The solar panel device according to any one of claims 1, 2, 3, 7, and 8, wherein the solar panel (11, 21, 31, 41, 51, 61, 71) has a length equal to the longitudinal length of the low-temperature region (L) of the lamp tube (14).

The solar panel device according to claim 7 or 8, wherein the solar panel (41, 61) having a circular tube shape or the elliptical tube shape is constructed by mounting a solar cell module on a band-like flexible substrate, is bent into the circular tube shape or the elliptical tube shape, and is held in the circular tube shape or the elliptical tube shape by an adhesive tape or a jig.

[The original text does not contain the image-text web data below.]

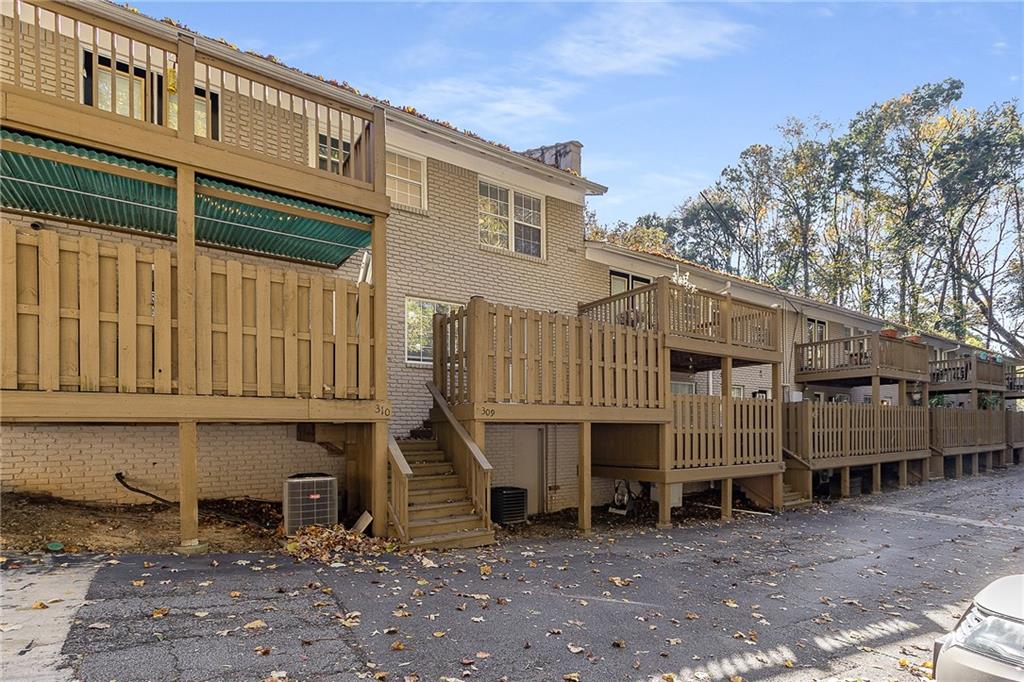 2232 Dunseath Avenue Northwest, Unit 309 Atlanta, GA 30318 - Photo 19 of 25 a view of a house with a yard and deck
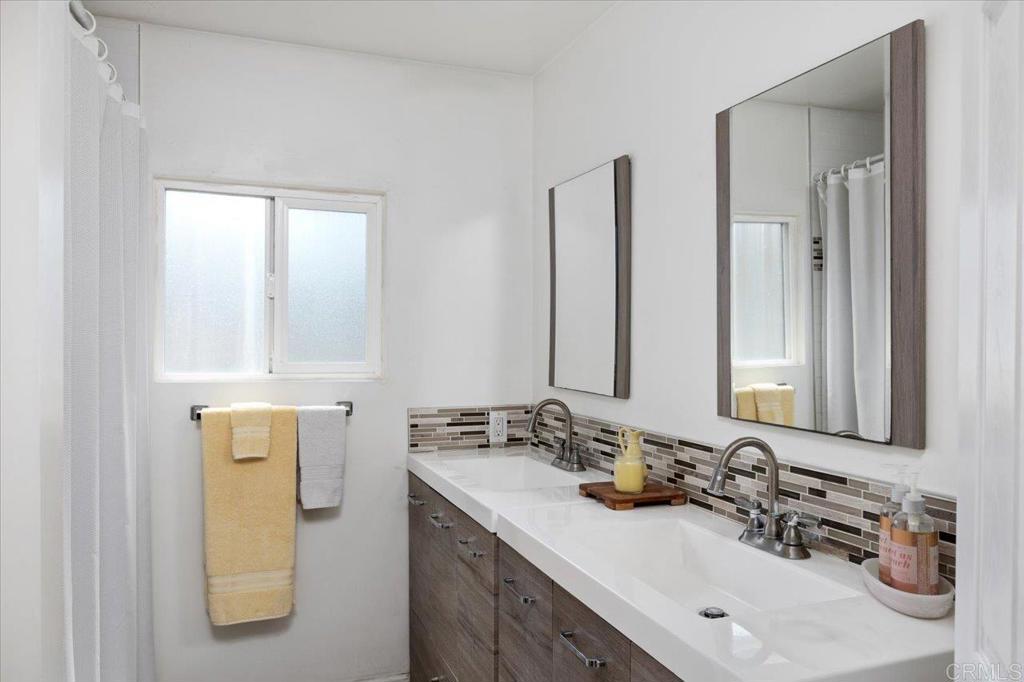 4660 North River Road, Unit 150 Oceanside, CA 92057 - Photo 15 of 23 a bathroom with a sink and a mirror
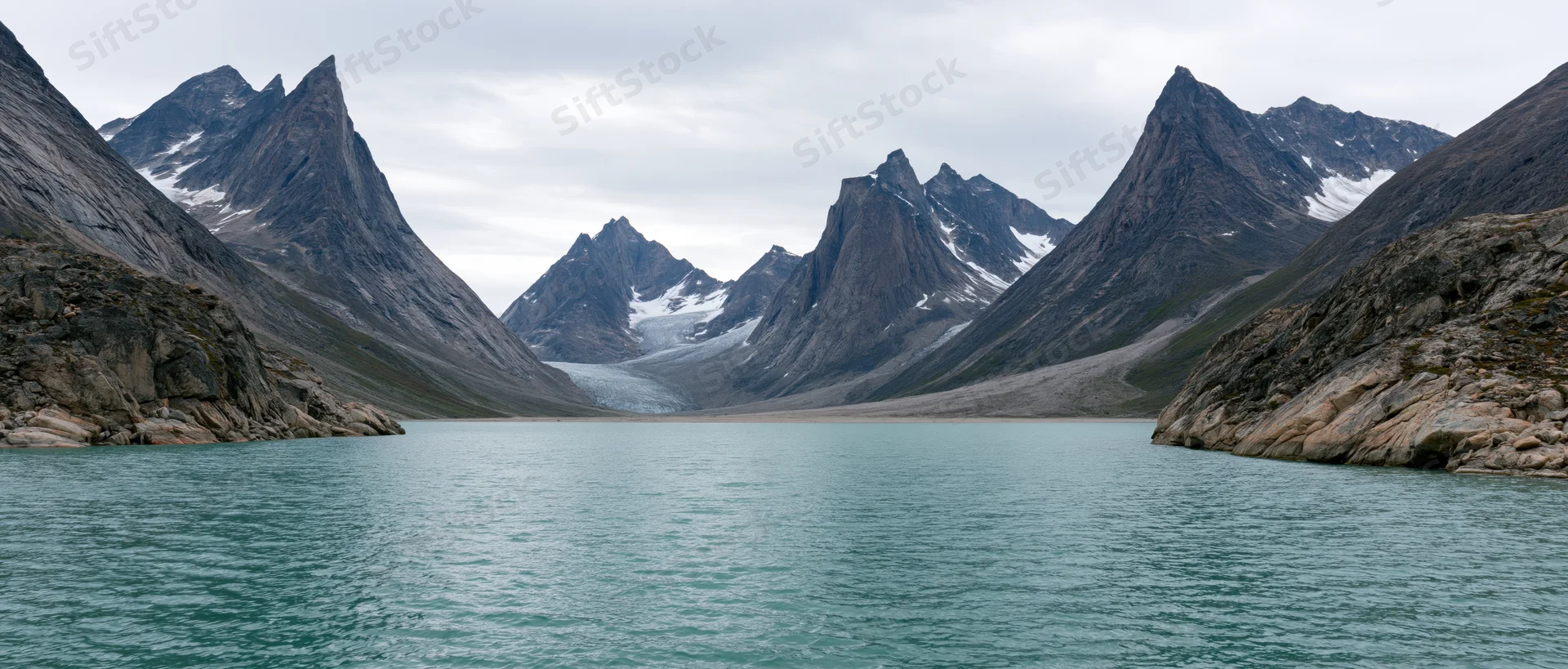 Alpine lake surrounded by snow-capped mountains and glaciers in a remote valley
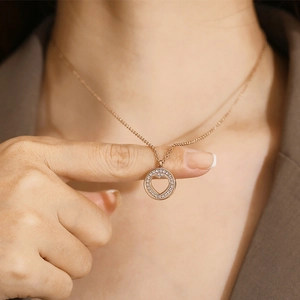Macro detail of a rose gold heart necklace with sparkling pavé cubic zirconia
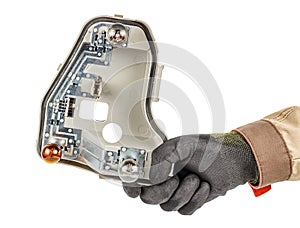 Mechanic hand in black protective glove and brown uniform holding used grey plastic light bulbs holder of car rear light isolated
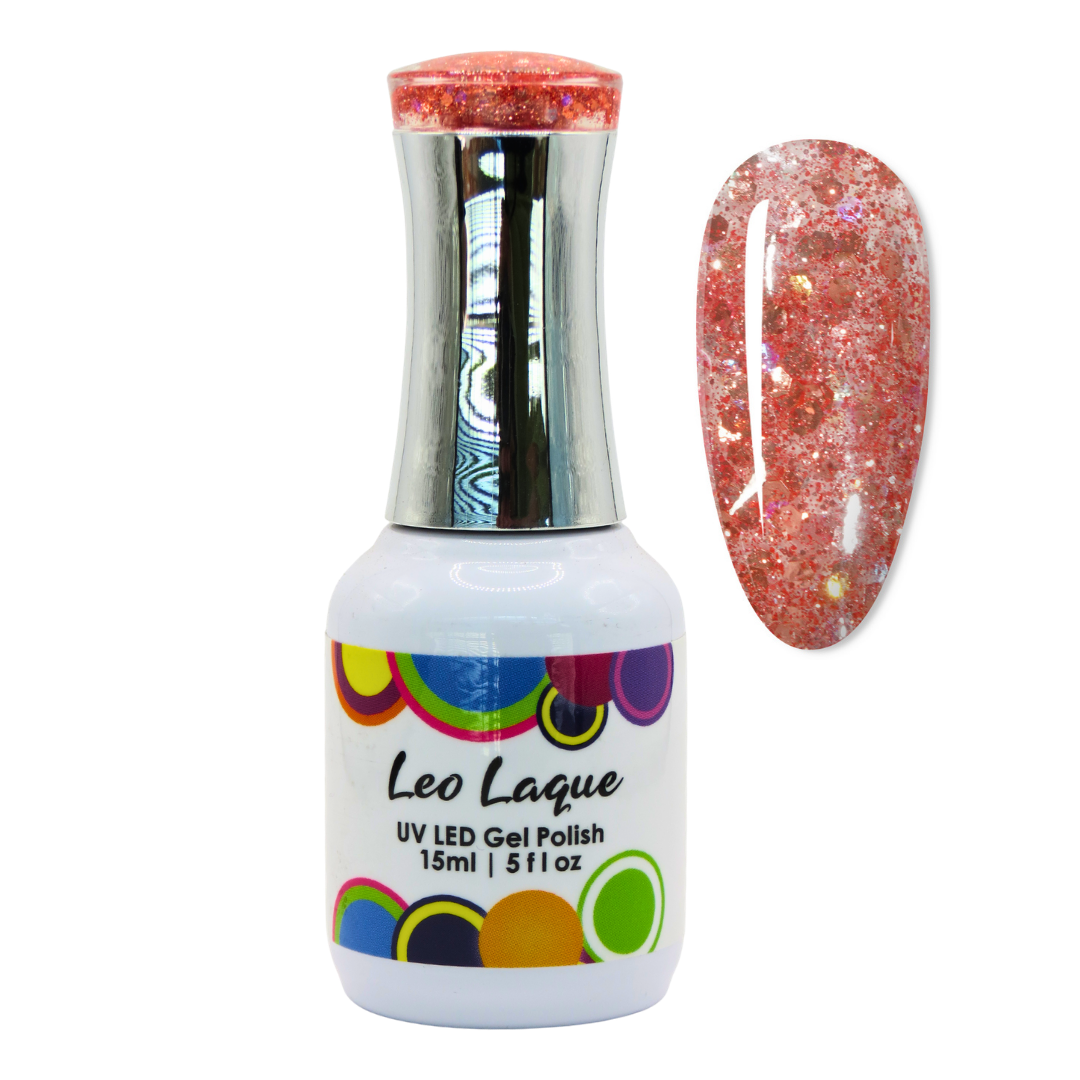 A bottle of Leo Laque UV LED Gel Polish with a silver cap and a white label, shown next to a nail swatch displaying a sparkling coral-pink glitter polish.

The solar panel device according to claim 7, wherein the solar panel (51, 71) having a polygonal tube shape is constructed by connecting a multitude of unit solar panels in which the solar cell modules are mounted on a flat band-like solid substrate so as to be foldable and extendable, and the multitude of unit solar panels are extended in the polygonal tube shape and are held in the polygonal tube shape by an adhesive tape or a jig.

Technical Field
[1]
The present Invention relates to a solar panel device, and more particularly, to a device which is simply attached to an existing fluorescent lamp or LED lamp to construct a power-generating lamp.

Background Art
[2]
A technique has been proposed in which a solar panel is attached to a reflector which is provided on the rear side of a lamp tube of a fluorescent lamp appliance and receives light emitted from the fluorescent lamp tube, a capacitor or an rechargeable battery is charged with the electromotive force of a solar panel, and a voltage is applied from a capacitor or a rechargeable battery to an emergency light or a guidance light to turn on the emergency light or the guidance light when a switch of a fluorescent lamp appliance is turned off or when the fluorescent lamp appliance is turned off, thereby effectively using electric energy (PTL 1 and PTL 2).

[3]
With recent dramatic development in electronic technology, LEDs with low power consumption and high brightness has been put to practical use, and an LED lamp has been employed instead of a fluorescent lamp (PTL 3 and PTL 4).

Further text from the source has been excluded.